Introduction

Numerical simulations, such as Monte Carlo methods, have been successfully employed in the study of phase transitions and critical phenomena1. In spin systems, the spin configurations are sampled using a stochastic importance sampling technique, and the estimators for physical quantities, such as the order parameter and the specific heat, are evaluated for these samples.

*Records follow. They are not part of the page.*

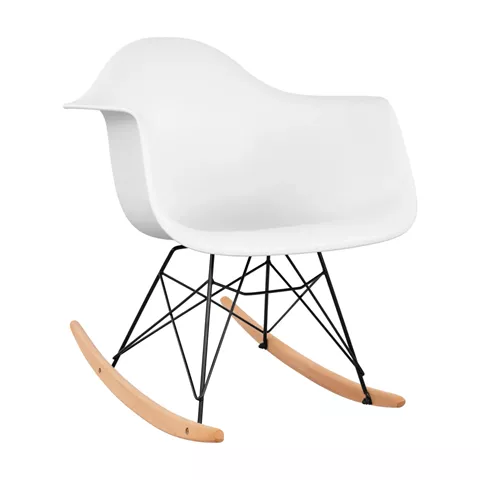 Rocking Armchair, white seat-Black frame HM0035.11 61x71x64 cm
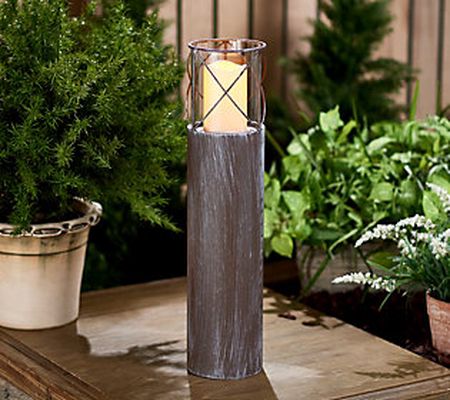 Garden Reflections 22" Tall Iron Candle Holder w. LED Candle
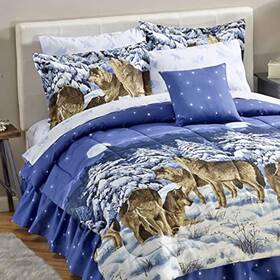 Wolves 708325162235 Midnight Wolf Blue Comforter Set And Sheets Wildlife Lodge Cabin Bed In A Bag 8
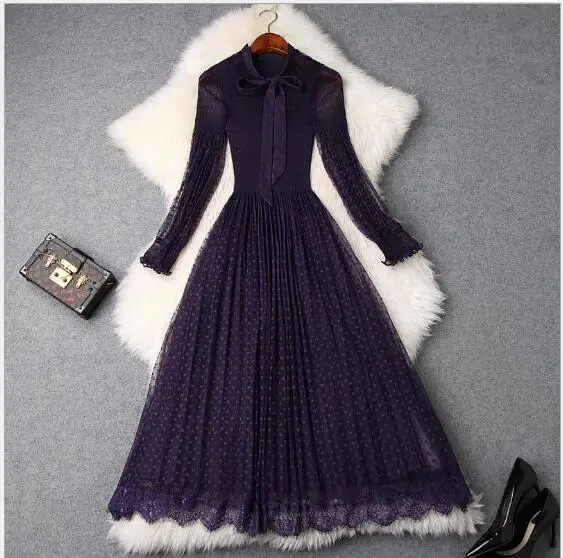 

2019 spring women's new floating lead heart-shaped mesh lanterns sleeves ladies temperament pleated dressT3461-63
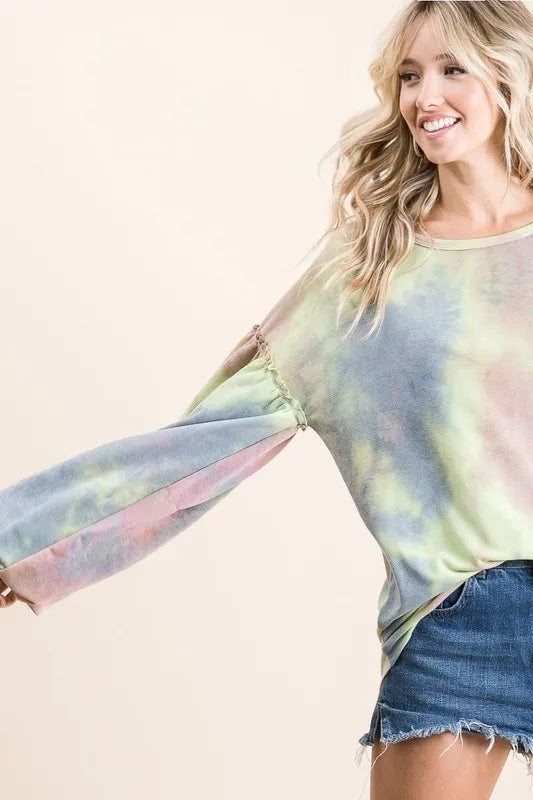 BiBi Tie Dye French Terry Sweatshirt With Bubble Sleeves Trendsi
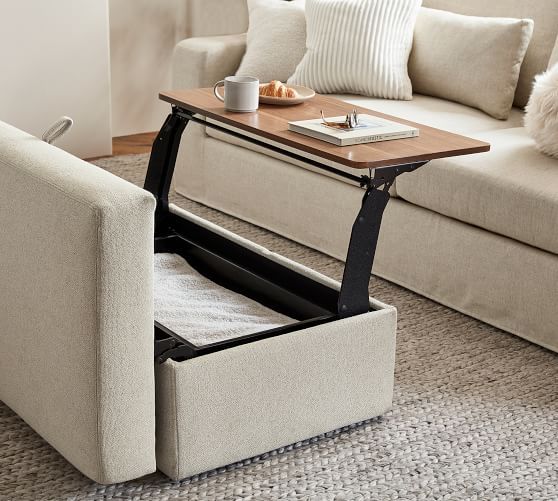 Big Sur Upholstered Storage Ottoman With Pull Out Table | Pottery Barn With Sofas With Storage Ottoman (View 12 of 15)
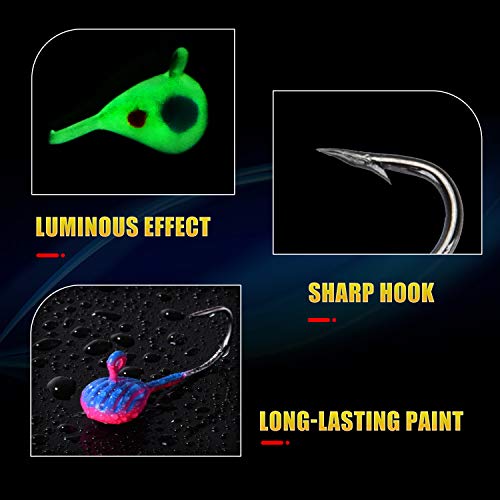 image for GOTURE ice fishing jigs glow ice fishing walleye lures lures for fresh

Several spin models have recently been studied through machine learning2,3,4,5,6. Carrasquilla and Melko2 proposed a paradigm that is complementary to the above approach. By using large data sets of spin configurations, they classified and identified a high-temperature paramagnetic phase and a low-temperature ferromagnetic phase. It was similar to image classification using machine learning. They demonstrated the use of fully connected and convolutional neural networks for the study of the two-dimensional (2D) Ising model and an Ising lattice gauge theory.

In this study, we extend and generalize the method proposed by Carrasquilla and Melko2. First, instead of considering the spin configuration itself, we analyze the long-range correlation configuration, which will be explained later. From this analysis, we can evaluate the multi-component systems, such as the Potts model, and the systems with a vector order parameter, such as the XY model. We can identify identical configurations with the permutational symmetry or the rotational symmetry, which results in an efficient classification of phases. Moreover, the inclusion of long-range correlation is helpful in the study of phase transition. Second, we investigate the Berezinskii-Kosterlitz-Thouless (BKT) phase7,8,9,10, described by a fixed line instead of a fixed point from the perspective of the renormalization group, using the same treatment as the paramagnetic-ferromagnetic phase transition. By studying the 2D clock model, which is a discrete version of the XY model, we classify the paramagnetic-BKT-ferromagnetic transitions through machine learning.

Model

We enlist the models we analyze below. We consider a 2D Ising model on the square lattice, whose Hamiltonian is given as

$$H=-\,J\sum _{\langle ij\rangle }\,{s}_{i}{s}_{j},\,{s}_{i}=\pm \,1.$$
(1)

The summation is realized over the nearest-neighbor pairs, and periodic boundary conditions are imposed in numerical simulations.

The Hamiltonian of the q-state Potts model11,12 is given by

$$H=-\,J\sum _{\langle ij\rangle }\,{\delta }_{{s}_{i}{s}_{j}},\,{s}_{i}=1,2,\cdots ,q,$$
(2)

where δab is the Kronecker delta. The 2D ferromagnetic Potts model is known to exhibit a second-order phase transition for \(q\le 4\) and a first-order phase transition for \(q\ge 5\). The Potts model for \(q=2\) is identical to the Ising model.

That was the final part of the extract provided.